Problem to work on ▸
Output only the lines below from the one containing "Lotto 61 Floppy" to the one containing "Audi Q3 — фото 4", exactly as written, both ends kept.

Data in this exercise ▸
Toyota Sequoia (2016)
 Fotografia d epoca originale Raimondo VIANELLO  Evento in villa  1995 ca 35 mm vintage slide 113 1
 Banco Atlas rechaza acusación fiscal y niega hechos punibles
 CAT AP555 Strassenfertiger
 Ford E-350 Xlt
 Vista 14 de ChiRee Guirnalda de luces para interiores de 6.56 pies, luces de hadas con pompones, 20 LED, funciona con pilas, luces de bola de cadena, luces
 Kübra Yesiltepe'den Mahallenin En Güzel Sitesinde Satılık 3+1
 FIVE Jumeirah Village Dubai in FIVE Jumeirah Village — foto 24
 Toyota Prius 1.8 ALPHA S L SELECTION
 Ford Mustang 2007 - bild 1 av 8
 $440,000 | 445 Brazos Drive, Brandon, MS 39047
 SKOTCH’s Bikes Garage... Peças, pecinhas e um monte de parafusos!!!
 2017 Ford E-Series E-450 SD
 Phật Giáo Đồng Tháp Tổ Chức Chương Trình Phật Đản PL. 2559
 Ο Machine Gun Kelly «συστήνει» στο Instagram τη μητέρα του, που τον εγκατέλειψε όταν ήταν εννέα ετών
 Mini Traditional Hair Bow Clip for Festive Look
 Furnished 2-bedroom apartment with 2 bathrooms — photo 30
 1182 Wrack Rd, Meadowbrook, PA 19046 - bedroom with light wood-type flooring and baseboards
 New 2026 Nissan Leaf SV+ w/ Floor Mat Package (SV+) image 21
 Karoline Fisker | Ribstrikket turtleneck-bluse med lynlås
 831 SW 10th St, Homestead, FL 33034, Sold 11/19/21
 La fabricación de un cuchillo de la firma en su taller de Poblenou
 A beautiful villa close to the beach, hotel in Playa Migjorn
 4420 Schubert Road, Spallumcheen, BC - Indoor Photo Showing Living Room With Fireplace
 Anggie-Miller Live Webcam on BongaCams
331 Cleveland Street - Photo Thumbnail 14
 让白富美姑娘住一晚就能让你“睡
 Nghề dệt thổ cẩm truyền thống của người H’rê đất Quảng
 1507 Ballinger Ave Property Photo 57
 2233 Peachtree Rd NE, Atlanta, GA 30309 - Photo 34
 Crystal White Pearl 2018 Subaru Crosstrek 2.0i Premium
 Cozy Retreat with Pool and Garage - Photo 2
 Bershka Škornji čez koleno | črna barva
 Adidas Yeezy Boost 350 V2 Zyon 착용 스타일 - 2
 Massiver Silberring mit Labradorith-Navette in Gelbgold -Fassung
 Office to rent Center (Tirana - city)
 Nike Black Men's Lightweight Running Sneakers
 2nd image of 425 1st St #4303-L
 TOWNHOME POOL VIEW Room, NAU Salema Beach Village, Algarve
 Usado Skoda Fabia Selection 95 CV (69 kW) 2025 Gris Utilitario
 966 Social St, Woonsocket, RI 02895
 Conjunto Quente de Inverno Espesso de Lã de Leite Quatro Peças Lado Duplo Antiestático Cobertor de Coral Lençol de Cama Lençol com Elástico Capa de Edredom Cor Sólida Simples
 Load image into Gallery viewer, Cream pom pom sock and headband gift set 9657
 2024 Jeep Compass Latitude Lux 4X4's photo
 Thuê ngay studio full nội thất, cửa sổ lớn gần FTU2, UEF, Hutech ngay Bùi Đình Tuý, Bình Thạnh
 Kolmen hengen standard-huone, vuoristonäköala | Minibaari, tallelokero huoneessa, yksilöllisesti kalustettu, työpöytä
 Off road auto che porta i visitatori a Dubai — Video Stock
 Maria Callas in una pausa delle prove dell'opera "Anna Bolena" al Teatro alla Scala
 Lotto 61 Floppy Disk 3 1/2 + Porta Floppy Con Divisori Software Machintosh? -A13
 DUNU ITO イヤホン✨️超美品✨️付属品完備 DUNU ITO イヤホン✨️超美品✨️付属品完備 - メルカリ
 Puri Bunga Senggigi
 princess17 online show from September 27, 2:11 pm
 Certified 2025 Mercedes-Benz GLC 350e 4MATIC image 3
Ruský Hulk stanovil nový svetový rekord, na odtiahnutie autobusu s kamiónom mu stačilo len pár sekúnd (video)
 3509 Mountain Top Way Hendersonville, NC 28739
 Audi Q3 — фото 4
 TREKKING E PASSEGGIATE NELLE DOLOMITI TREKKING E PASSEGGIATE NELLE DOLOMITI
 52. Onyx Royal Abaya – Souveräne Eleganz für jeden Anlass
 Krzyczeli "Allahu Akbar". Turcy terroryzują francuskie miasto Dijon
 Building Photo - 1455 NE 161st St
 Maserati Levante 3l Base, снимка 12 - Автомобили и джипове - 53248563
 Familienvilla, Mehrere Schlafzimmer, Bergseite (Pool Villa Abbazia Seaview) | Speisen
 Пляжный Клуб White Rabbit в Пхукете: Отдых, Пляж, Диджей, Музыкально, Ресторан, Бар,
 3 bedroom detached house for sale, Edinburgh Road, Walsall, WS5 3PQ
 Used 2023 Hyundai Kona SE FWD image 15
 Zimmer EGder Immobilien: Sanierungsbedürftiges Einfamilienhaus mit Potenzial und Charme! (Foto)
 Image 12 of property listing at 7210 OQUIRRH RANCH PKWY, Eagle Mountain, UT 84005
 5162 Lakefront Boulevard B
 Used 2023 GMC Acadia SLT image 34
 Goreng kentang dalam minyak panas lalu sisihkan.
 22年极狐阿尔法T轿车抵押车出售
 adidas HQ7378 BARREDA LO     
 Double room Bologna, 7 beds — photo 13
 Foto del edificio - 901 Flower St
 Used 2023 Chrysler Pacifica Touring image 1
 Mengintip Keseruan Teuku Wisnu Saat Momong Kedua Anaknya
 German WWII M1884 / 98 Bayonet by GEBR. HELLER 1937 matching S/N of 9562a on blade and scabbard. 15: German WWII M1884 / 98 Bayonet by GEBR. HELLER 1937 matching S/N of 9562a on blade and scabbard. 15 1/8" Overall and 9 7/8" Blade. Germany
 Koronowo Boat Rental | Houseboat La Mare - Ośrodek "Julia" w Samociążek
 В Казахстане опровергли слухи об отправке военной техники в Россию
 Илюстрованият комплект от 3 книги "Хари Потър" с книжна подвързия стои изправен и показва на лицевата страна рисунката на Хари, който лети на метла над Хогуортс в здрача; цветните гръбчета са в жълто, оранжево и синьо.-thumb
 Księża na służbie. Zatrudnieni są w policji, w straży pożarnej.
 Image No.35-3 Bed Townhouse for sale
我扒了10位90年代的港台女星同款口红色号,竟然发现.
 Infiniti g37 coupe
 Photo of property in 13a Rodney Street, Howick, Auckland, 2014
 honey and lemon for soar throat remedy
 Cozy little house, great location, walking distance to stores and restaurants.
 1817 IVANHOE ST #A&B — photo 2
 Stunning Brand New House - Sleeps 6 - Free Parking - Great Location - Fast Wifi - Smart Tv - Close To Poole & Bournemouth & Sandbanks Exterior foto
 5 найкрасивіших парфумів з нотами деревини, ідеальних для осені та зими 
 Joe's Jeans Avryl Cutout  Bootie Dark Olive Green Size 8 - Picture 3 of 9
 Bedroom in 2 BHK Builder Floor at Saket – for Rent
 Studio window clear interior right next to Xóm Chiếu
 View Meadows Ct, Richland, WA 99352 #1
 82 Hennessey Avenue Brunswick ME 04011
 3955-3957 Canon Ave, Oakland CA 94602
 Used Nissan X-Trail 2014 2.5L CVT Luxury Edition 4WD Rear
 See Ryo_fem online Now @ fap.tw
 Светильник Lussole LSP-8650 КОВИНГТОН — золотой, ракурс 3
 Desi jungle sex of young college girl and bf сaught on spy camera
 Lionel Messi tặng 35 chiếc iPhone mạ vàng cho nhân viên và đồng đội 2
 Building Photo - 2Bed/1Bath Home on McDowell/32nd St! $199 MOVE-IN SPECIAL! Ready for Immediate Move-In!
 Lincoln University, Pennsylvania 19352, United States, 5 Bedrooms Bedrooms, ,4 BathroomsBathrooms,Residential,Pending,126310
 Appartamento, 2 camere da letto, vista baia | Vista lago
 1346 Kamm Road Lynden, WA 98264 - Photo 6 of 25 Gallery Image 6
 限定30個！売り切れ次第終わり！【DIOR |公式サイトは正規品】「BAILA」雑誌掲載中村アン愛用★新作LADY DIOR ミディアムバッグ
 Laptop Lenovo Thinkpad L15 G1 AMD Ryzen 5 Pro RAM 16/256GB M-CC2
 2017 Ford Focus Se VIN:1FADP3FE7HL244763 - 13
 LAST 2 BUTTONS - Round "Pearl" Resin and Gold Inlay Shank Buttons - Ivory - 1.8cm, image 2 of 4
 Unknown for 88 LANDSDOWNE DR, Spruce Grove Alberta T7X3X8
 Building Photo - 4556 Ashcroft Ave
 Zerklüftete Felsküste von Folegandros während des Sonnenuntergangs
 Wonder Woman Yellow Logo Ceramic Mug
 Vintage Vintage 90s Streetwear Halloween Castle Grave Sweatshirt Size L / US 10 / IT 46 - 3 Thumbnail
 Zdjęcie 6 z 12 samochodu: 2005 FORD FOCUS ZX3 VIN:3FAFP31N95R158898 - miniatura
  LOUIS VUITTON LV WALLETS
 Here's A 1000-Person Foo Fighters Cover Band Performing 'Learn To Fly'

Written solution ▸
 Lotto 61 Floppy Disk 3 1/2 + Porta Floppy Con Divisori Software Machintosh? -A13
 DUNU ITO イヤホン✨️超美品✨️付属品完備 DUNU ITO イヤホン✨️超美品✨️付属品完備 - メルカリ
 Puri Bunga Senggigi
 princess17 online show from September 27, 2:11 pm
 Certified 2025 Mercedes-Benz GLC 350e 4MATIC image 3
Ruský Hulk stanovil nový svetový rekord, na odtiahnutie autobusu s kamiónom mu stačilo len pár sekúnd (video)
 3509 Mountain Top Way Hendersonville, NC 28739
 Audi Q3 — фото 4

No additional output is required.